Supplied records Start Marker

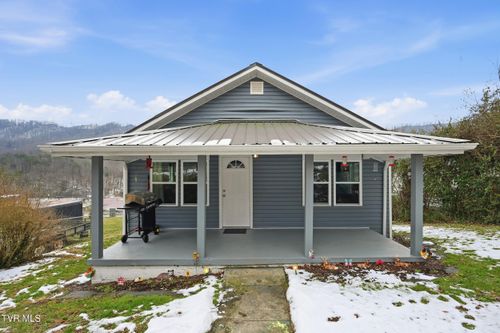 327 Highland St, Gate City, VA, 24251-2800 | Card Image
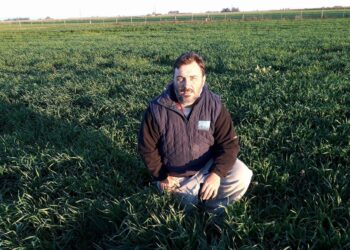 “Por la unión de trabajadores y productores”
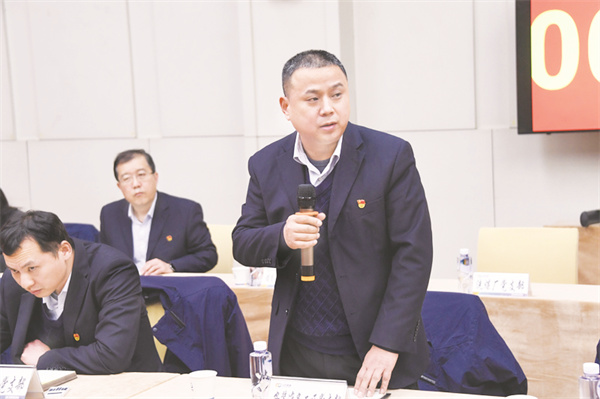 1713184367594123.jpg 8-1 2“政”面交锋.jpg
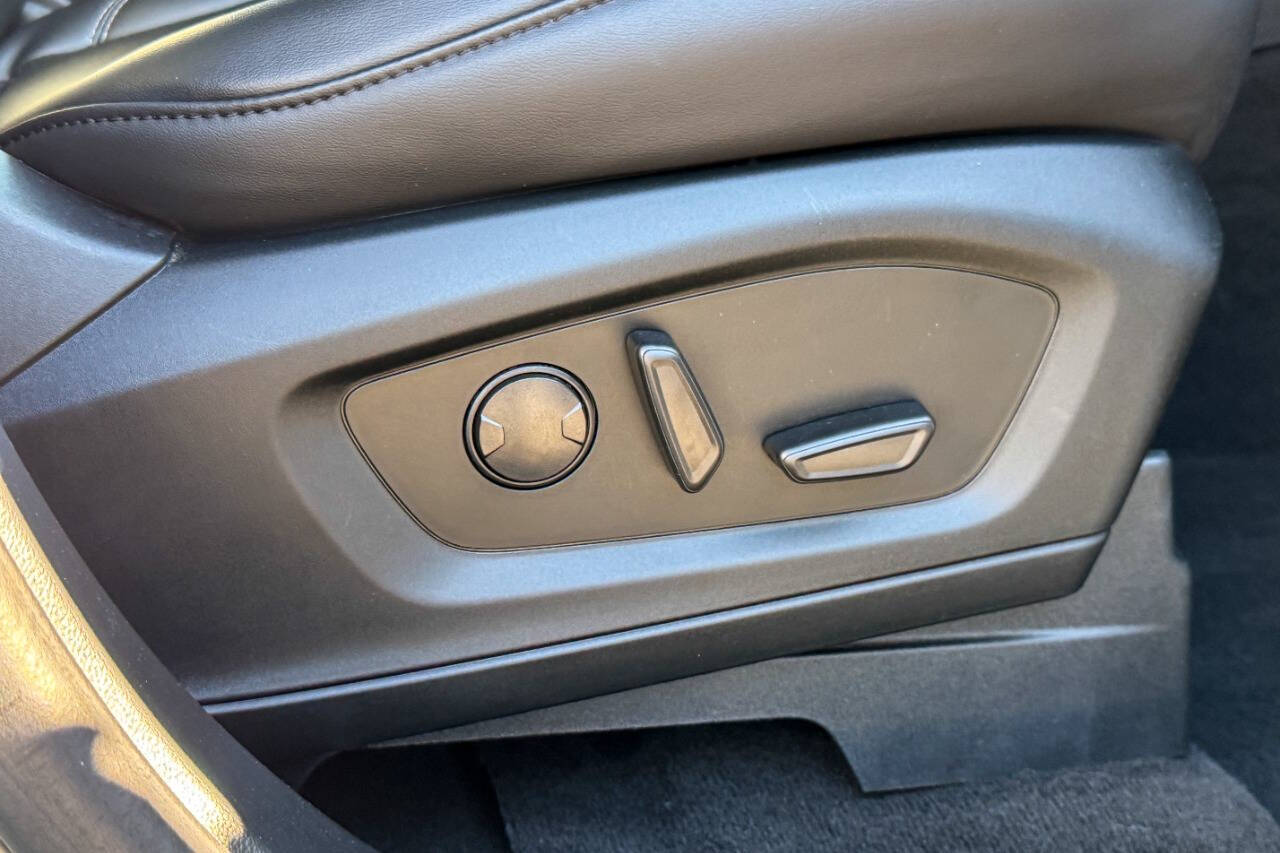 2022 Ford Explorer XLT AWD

Supplied records End Marker
Supplied records Start Marker

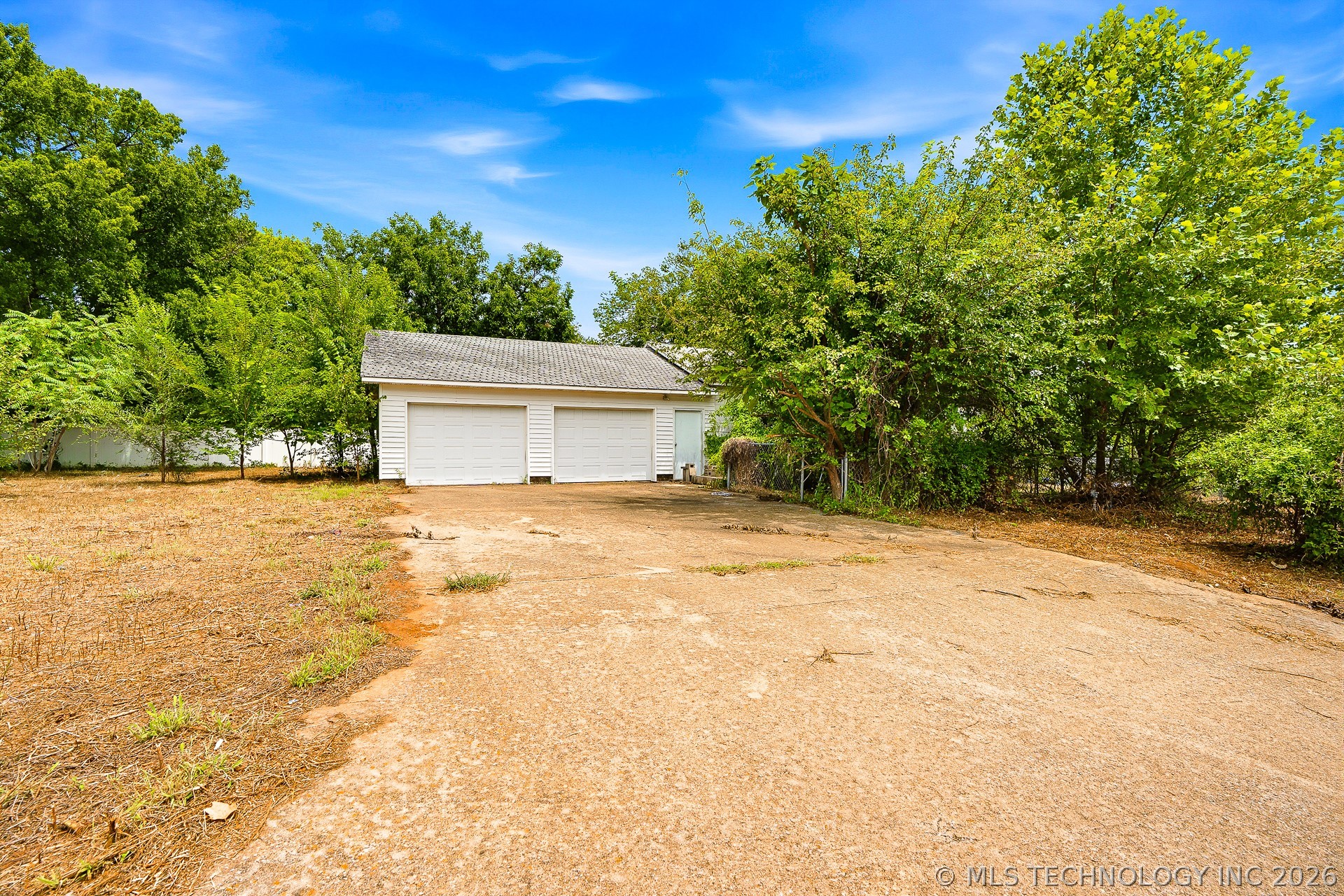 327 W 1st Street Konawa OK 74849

Supplied records End Marker

* Goal of the exercise
Excerpt from the records above: set down only the lines from the one that contains "la unión de" through the one that contains "2022 Ford Explorer XLT AWD", inclusive, word for word. Pictures stay out.

* Result
 “Por la unión de trabajadores y productores”
 1713184367594123.jpg 8-1 2“政”面交锋.jpg
 2022 Ford Explorer XLT AWD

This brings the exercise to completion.